Eine vom Umweltministerium erst im Februar angeschaffte „Wundermaschine“ konnte auch nicht weiterhelfen. Sie wurde zur Messung der in der Luft gelösten, flüchtigen organischen Verbindungen vor Ort eingesetzt, aber von Angestellten bedient, die die entsprechende Einweisung noch nicht erhalten hatten. Die Ergebnisse der Messung konnten daher nicht fachgerecht ausgewertet werden. Trotzdem wurde ein Teil dieser Rohergebnisse direkt an die Medien gefiltert, worauf ein weiteres Beispiel staatlicher Inkompetenz folgte: Die Nachricht wurde von Präsident Piñera und dem Gesundheitsminister kommentiert, als sei sie ein ernstzunehmendes Ergebnis der Messung des Umweltministeriums. Das offizielle Ergebnis „Kohlenwasserstoffverbindungen würden in der Luft liegen“, war schließlich so genereller Art, dass es keine weiterführende Erkenntnis brachte. Fakt ist, dass die Bevölkerung der Region seit mindestens 50 Jahren der Luft-, Boden- und Wasserverschmutzung des unzureichend kontrollierten Industriegebiets ausgesetzt ist. Dieses entstand in den sechziger Jahren, als Chile wie andere lateinamerikanische Staaten seine Wirtschaft zu diversifizieren versuchte. In dieser Phase galten selbst hoch verschmutzende Industrien als Fortschrittsmotor. Aber innerhalb der Arbeitsplätze, die dadurch geschaffen wurden, nehmen die Anwohner*innen Quinteros und Puchuncavís die prekärsten Posten ein, während Ingeneur*innen und anderes hochqualifiziertes Personal es sich finanziell leisten kann, weit abseits der belasteten Gegenden zu leben. In dem Industriegebiet ist eine ganze Bandbreite von Industrien vertreten, die durch ihre Emissionen nicht nur das einst hohe touristische Potenzial der Region einschränken, sondern auch Landwirtschaft und Fischerei. Den Anfang machte das schon genannte staatliche Unternehmen zur Ausbeutung der Kupfervorkommen Codelco. Daneben gibt es auch Firmen wie Enap und Gasmar, die Erdöl verarbeiten, sowie die Raffinerie Copec und den Chemieproduzenten Qxiqium.

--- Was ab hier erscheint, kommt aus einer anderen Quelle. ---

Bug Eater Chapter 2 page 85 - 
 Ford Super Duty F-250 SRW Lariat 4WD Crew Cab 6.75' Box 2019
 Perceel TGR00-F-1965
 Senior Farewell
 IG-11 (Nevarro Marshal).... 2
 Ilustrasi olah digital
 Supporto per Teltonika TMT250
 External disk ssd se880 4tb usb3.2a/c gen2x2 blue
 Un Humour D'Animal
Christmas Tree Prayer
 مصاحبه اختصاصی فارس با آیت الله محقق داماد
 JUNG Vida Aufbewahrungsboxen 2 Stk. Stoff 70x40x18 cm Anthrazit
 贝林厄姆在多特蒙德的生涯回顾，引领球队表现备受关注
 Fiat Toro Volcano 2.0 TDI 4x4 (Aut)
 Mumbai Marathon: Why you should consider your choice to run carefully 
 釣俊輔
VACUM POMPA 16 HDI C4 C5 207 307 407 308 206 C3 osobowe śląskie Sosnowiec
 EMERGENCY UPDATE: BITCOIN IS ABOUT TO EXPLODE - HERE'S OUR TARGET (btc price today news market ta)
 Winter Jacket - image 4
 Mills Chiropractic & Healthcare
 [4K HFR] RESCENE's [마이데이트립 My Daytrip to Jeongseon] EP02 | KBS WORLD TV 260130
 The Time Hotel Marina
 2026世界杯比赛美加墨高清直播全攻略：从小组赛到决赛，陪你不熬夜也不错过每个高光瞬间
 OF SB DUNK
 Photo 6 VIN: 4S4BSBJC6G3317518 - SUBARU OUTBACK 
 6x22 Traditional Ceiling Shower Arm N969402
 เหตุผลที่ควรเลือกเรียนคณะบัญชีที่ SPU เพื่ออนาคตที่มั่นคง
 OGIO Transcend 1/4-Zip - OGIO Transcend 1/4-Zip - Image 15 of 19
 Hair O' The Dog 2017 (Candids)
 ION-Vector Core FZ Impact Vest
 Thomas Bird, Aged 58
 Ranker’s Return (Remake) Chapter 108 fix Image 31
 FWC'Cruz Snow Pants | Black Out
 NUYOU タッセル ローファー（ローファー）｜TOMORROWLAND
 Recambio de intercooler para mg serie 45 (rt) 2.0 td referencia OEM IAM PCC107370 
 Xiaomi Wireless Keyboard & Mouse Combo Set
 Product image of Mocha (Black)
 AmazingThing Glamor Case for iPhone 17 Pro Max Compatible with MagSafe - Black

Alle Einwohner*innen sind einem ernsten gesundheitlichen Risiko ausgesetzt

„Das Problem an dem Industriegebiet ist, dass die Umweltverschmutzung vielfältig ist und der Ansiedlungsprozess schrittweise stattfand“, erklärt Aníbal Vivaceta, Umweltaktivist und Facharzt für öffentliche Gesundheit sowie ehemaliger Ministerialsekretär für Gesundheit in der Region. Es gebe verschiedene, teils nachgewiesene Schadstoffbelastungen in Boden, Wasser und Luft, die kurzfristige sowie langfristige Schäden nach sich ziehen. Kohlenstoffverbindungen und Schwefeldioxide haben eher unmittelbare, nicht ganz so schwerwiegende Effekte. Schwermetalle wie Arsen sind hingegen für tiefgreifende gesundheitliche Schäden verantwortlich. Keiner dieser Schadstoffe ist allerdings auf die leichte Schulter zu nehmen, denn, so Vivaceta:„Hohe Konzentrationen an Kohlenmonoxid beeinträchtigen nachgewiesenermaßen die schulischen Leistungen und Schwefeldioxid führt zu allergieähnlichen Symptomen. Damit stellen beide eine erhebliche Einschränkung des täglichen Lebens dar.“ Die ansässigen Unternehmen selbst garantieren nur die Überwachung einiger Schadstoffe und dies machen sie auch noch unvollständig. Von den staatlichen Plänen zur Dekontaminierung wurde bislang keiner durchgeführt.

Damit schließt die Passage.